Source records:

· · · · · · ·

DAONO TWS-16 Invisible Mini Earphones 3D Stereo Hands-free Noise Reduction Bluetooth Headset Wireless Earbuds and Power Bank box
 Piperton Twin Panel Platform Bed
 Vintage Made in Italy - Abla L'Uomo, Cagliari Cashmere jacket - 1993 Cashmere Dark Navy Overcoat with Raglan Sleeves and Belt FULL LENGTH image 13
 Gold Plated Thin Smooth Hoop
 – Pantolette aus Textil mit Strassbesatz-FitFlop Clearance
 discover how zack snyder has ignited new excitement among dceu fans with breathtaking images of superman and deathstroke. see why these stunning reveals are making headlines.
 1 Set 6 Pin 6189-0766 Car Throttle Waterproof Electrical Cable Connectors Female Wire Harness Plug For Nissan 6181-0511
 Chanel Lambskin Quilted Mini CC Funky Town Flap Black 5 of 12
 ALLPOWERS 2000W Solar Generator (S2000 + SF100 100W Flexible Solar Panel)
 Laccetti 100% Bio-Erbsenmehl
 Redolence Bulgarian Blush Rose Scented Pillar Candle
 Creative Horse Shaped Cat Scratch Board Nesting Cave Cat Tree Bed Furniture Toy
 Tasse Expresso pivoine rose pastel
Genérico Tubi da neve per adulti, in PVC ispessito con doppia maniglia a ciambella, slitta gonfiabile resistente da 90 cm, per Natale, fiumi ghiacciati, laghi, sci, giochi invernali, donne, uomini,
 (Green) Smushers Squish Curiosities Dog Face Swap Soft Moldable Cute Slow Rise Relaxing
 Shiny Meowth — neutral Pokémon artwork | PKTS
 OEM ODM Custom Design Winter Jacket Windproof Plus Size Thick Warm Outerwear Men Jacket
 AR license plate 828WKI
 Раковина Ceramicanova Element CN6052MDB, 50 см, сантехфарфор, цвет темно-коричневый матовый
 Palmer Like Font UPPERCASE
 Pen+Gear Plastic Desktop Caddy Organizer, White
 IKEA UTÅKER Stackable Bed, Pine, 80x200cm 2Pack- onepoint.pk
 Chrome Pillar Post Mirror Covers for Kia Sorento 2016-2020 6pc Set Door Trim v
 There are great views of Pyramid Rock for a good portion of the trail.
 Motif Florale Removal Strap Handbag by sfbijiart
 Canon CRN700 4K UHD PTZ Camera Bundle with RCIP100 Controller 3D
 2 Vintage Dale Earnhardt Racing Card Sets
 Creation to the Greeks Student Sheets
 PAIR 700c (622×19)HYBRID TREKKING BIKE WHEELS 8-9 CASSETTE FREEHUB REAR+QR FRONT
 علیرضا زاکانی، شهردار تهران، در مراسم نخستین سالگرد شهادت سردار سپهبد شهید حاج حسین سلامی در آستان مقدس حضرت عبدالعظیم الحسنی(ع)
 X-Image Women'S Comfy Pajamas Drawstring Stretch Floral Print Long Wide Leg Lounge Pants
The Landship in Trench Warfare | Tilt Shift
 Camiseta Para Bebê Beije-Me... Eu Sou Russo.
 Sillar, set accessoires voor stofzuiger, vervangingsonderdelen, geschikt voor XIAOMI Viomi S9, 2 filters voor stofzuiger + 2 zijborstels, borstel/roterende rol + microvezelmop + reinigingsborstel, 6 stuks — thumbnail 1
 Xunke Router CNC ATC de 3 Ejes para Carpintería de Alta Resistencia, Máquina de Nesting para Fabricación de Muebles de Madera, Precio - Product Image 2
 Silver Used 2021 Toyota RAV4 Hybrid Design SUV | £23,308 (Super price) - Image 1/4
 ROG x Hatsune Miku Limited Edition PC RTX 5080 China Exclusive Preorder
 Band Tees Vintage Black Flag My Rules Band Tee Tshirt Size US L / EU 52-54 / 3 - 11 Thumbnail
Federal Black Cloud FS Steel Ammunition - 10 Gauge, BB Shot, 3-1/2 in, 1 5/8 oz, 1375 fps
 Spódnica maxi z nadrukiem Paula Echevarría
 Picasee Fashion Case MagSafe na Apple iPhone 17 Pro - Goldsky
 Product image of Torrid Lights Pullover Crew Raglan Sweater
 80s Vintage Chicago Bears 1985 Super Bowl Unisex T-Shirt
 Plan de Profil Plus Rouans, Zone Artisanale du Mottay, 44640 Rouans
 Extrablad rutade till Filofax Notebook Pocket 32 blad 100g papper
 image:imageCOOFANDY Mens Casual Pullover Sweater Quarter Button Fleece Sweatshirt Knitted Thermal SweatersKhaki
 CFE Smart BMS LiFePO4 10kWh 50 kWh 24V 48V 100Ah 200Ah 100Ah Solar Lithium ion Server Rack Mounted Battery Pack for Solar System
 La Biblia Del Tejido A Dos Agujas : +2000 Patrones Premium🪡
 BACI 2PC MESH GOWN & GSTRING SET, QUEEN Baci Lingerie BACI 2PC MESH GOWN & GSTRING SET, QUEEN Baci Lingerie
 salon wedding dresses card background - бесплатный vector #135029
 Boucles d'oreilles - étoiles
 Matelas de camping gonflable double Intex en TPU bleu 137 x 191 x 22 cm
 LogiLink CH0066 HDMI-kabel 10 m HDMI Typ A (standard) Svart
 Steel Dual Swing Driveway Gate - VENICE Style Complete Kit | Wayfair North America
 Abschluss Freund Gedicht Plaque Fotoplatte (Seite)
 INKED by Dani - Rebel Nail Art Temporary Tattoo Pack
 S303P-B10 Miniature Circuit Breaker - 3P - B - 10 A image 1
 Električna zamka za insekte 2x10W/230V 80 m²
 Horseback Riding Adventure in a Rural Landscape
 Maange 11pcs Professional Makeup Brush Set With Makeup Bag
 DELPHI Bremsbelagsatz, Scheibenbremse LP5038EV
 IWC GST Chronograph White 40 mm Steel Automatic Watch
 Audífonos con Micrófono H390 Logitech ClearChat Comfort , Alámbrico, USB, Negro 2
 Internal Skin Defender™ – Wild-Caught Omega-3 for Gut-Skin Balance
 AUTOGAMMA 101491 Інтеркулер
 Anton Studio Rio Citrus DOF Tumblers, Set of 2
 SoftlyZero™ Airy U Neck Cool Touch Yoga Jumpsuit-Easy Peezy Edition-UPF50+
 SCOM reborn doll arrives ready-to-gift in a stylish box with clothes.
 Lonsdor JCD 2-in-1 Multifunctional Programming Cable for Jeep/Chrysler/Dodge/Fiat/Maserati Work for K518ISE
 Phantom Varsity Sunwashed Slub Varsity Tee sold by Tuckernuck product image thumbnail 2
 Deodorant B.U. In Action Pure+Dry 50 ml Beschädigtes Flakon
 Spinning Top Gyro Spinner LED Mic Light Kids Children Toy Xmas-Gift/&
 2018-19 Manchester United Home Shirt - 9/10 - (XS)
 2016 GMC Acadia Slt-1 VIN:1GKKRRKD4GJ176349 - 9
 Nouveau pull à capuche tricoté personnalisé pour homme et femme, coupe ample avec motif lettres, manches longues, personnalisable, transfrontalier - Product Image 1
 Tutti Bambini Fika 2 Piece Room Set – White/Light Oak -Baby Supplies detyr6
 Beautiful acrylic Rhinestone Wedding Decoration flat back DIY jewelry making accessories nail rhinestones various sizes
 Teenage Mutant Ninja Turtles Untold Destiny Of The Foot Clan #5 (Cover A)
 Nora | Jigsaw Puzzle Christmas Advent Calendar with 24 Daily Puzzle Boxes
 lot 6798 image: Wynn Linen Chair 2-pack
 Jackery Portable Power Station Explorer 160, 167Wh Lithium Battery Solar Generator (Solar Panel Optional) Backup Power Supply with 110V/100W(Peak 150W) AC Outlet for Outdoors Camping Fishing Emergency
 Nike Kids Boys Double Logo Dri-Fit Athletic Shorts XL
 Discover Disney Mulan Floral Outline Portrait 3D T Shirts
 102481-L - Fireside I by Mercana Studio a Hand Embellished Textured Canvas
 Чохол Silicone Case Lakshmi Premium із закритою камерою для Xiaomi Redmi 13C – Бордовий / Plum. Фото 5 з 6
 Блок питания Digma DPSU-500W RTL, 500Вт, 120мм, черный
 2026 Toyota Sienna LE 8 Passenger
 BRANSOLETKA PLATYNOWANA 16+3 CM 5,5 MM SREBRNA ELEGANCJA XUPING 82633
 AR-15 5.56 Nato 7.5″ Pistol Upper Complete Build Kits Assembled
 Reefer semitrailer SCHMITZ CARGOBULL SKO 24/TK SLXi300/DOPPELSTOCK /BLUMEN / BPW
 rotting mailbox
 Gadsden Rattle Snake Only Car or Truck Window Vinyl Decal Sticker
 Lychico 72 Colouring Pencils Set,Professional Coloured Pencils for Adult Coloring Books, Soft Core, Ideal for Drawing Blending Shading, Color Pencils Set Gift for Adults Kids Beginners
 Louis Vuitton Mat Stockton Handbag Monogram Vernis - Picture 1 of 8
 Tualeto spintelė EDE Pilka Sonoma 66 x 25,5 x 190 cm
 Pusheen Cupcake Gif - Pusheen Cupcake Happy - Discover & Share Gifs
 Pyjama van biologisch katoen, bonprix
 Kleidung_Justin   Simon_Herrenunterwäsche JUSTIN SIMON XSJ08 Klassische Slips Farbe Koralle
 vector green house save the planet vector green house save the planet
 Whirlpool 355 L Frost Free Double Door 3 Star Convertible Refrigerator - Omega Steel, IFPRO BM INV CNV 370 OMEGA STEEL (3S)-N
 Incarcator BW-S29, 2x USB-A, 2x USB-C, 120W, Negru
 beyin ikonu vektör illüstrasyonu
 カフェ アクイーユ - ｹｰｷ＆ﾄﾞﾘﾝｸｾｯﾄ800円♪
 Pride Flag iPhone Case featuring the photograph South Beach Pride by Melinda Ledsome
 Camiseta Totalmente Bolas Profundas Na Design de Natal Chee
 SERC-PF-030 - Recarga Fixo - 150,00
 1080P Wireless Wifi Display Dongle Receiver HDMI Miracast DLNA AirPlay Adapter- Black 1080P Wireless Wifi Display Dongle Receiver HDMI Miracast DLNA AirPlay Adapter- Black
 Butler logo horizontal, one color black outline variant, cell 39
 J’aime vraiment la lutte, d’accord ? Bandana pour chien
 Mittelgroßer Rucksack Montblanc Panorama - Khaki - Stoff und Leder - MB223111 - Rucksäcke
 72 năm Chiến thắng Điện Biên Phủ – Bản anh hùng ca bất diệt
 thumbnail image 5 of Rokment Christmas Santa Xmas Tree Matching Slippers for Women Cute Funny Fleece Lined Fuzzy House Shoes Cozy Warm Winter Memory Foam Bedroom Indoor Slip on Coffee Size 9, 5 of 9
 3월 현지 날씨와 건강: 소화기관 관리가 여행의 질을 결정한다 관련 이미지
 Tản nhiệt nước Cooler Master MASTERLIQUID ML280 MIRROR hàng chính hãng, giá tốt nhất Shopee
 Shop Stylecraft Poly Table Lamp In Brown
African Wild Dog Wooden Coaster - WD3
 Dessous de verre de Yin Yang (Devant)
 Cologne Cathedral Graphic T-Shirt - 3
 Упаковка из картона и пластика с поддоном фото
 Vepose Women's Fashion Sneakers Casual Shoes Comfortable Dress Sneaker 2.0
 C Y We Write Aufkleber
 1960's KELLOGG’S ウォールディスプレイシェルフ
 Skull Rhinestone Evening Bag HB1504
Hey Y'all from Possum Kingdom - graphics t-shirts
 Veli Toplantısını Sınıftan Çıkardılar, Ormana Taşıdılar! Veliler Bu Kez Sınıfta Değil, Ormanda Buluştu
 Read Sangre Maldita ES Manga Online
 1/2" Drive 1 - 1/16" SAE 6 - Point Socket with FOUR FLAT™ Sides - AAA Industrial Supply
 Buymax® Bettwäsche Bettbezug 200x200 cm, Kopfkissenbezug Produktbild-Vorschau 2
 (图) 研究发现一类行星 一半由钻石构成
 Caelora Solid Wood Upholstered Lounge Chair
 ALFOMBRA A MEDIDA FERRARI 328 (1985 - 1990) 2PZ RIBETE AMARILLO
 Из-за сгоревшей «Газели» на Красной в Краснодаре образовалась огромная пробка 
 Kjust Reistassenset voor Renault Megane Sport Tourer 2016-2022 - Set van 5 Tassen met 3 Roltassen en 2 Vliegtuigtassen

· · · · · · ·

- PROBLEM DETAILS: Output, please, only the lines running from the start of the entries through the line that contains "There are great", including both of those lines.

- OUTPUT FOR THIS EXERCISE:
DAONO TWS-16 Invisible Mini Earphones 3D Stereo Hands-free Noise Reduction Bluetooth Headset Wireless Earbuds and Power Bank box
 Piperton Twin Panel Platform Bed
 Vintage Made in Italy - Abla L'Uomo, Cagliari Cashmere jacket - 1993 Cashmere Dark Navy Overcoat with Raglan Sleeves and Belt FULL LENGTH image 13
 Gold Plated Thin Smooth Hoop
 – Pantolette aus Textil mit Strassbesatz-FitFlop Clearance
 discover how zack snyder has ignited new excitement among dceu fans with breathtaking images of superman and deathstroke. see why these stunning reveals are making headlines.
 1 Set 6 Pin 6189-0766 Car Throttle Waterproof Electrical Cable Connectors Female Wire Harness Plug For Nissan 6181-0511
 Chanel Lambskin Quilted Mini CC Funky Town Flap Black 5 of 12
 ALLPOWERS 2000W Solar Generator (S2000 + SF100 100W Flexible Solar Panel)
 Laccetti 100% Bio-Erbsenmehl
 Redolence Bulgarian Blush Rose Scented Pillar Candle
 Creative Horse Shaped Cat Scratch Board Nesting Cave Cat Tree Bed Furniture Toy
 Tasse Expresso pivoine rose pastel
Genérico Tubi da neve per adulti, in PVC ispessito con doppia maniglia a ciambella, slitta gonfiabile resistente da 90 cm, per Natale, fiumi ghiacciati, laghi, sci, giochi invernali, donne, uomini,
 (Green) Smushers Squish Curiosities Dog Face Swap Soft Moldable Cute Slow Rise Relaxing
 Shiny Meowth — neutral Pokémon artwork | PKTS
 OEM ODM Custom Design Winter Jacket Windproof Plus Size Thick Warm Outerwear Men Jacket
 AR license plate 828WKI
 Раковина Ceramicanova Element CN6052MDB, 50 см, сантехфарфор, цвет темно-коричневый матовый
 Palmer Like Font UPPERCASE
 Pen+Gear Plastic Desktop Caddy Organizer, White
 IKEA UTÅKER Stackable Bed, Pine, 80x200cm 2Pack- onepoint.pk
 Chrome Pillar Post Mirror Covers for Kia Sorento 2016-2020 6pc Set Door Trim v
 There are great views of Pyramid Rock for a good portion of the trail.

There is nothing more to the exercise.